2. **Slice to Actual Length**: For input seq_len=T (e.g., 10), take first T rows: [1, T, D].
3. **Add to Token Embeds**: Element-wise: `x = token_emb + pos_emb` — token at pos i gets semantics + pos i's vector.
4. **Broadcast**: The [1, T, D] pos expands to match batch size B.

This injects "where am I?" info without loops—vectorized add.

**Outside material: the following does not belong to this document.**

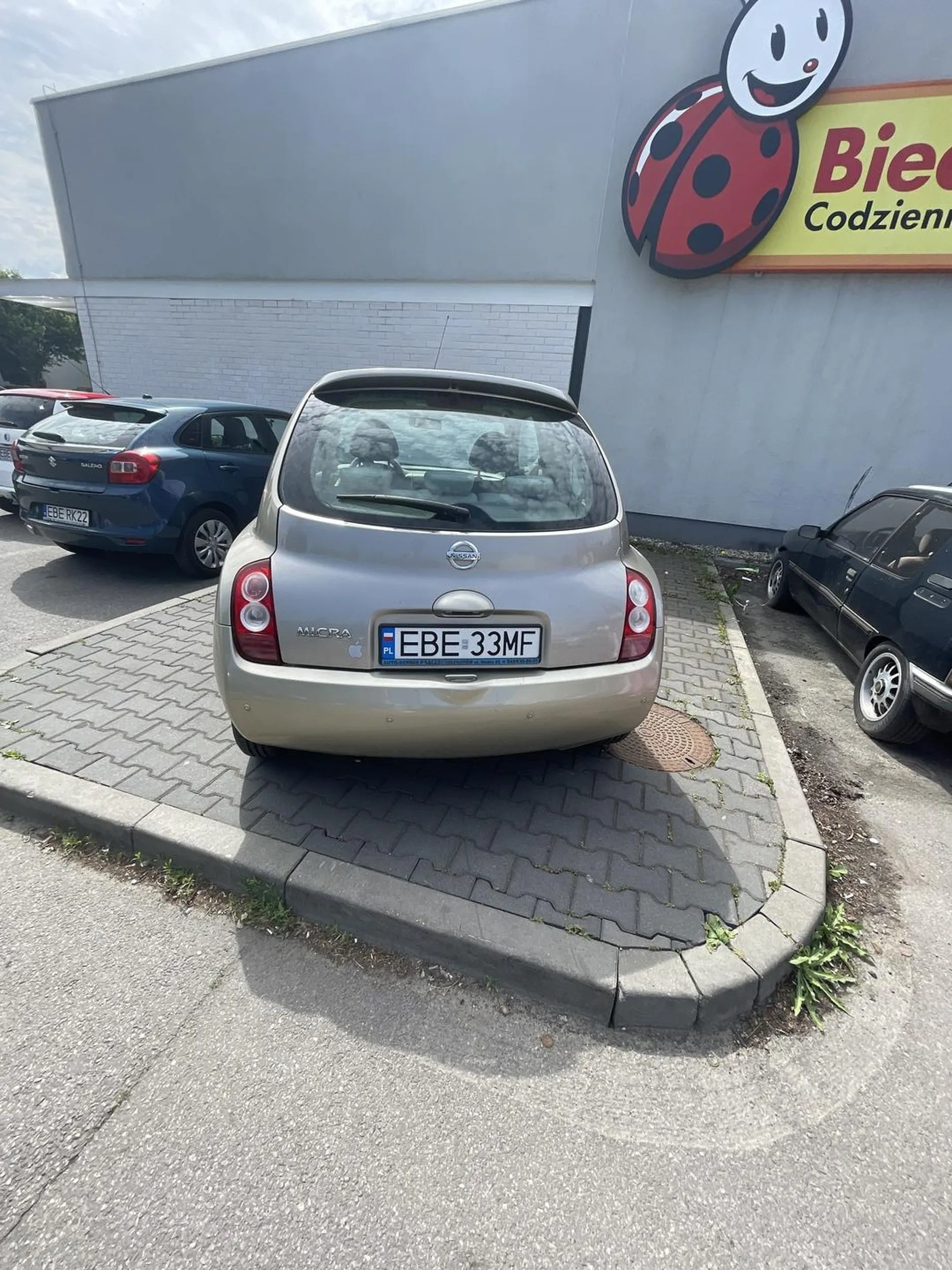 Mistrz parkowania, nic dodać nic ująć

#### Code Snippet (From GPT-2 Style)
In the `__init__`:
```python
self.pos_embed = nn.Parameter(torch.zeros(1, max_seq_len, embedding_dim))  # Learnable [1, 1024, 768]
nn.init.trunc_normal_(self.pos_embed, std=0.02)  # Small random start
```

In `forward`:
```python
def forward(self, x):  # x: [B, T] token IDs
    B, T = x.shape
    tok_emb = self.token_embed(x)  # [B, T, D]
    
    # Slice pos to T
    pos_emb = self.pos_embed[:, :T, :]  # [1, T, D]
    
    # Add (broadcast to B)
    x = tok_emb + pos_emb  # [B, T, D]
    # ... to transformer ...
```

- **Example**: T=3, pos_embed rows 0-2 added to tokens 0-2.
- **Training**: Gradients update the pos matrix—learns relative distances (e.g., pos 0 near pos 1 for bigrams).